**TO DO:** Word for word, restate the lines of the data below between those holding "Children's First Words Books" and "Strongflex Vstavki levega", inclusive; pictures do not belong in the copy.

**EXERCISE INPUT:**

►

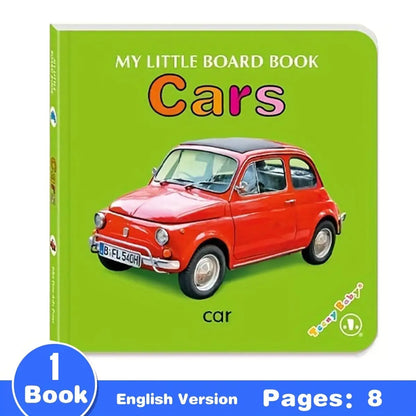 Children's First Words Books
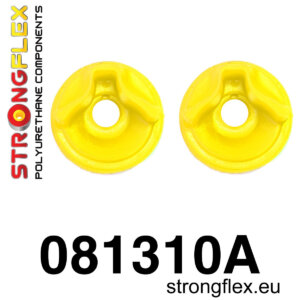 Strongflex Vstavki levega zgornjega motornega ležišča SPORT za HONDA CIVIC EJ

◄
►

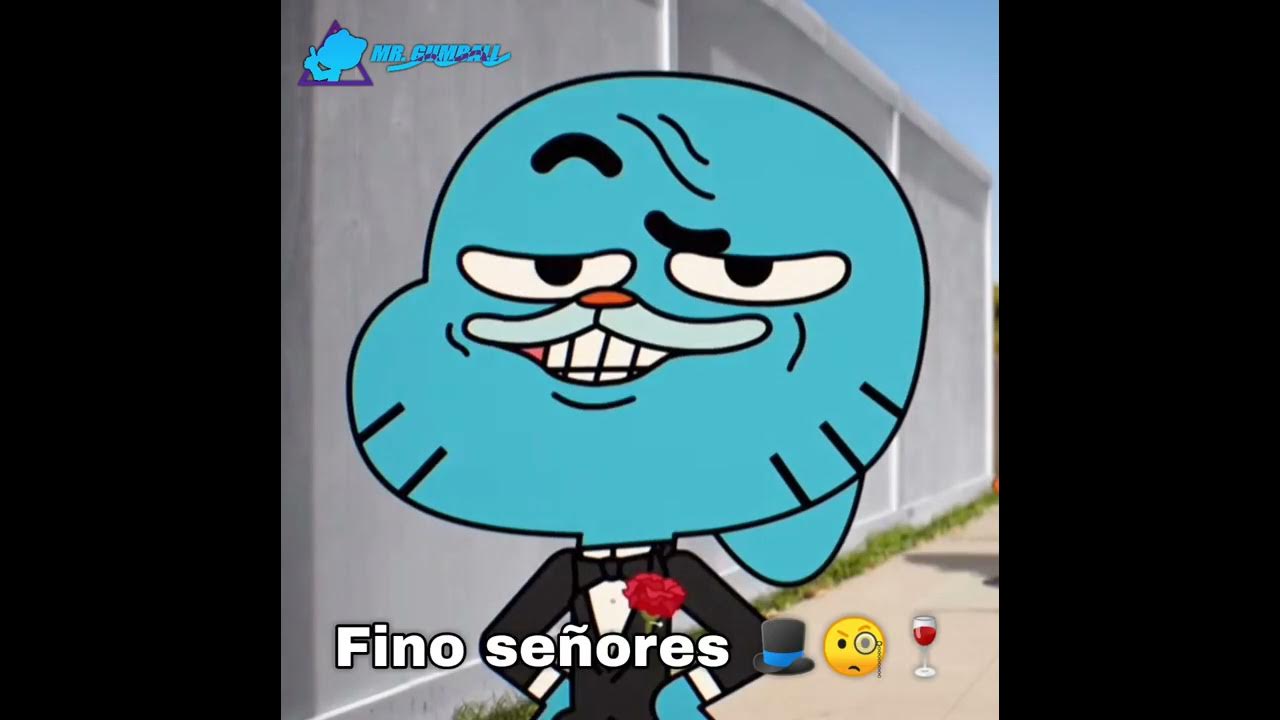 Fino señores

◄

**REPLY:**
 Children's First Words Books
 Strongflex Vstavki levega zgornjega motornega ležišča SPORT za HONDA CIVIC EJ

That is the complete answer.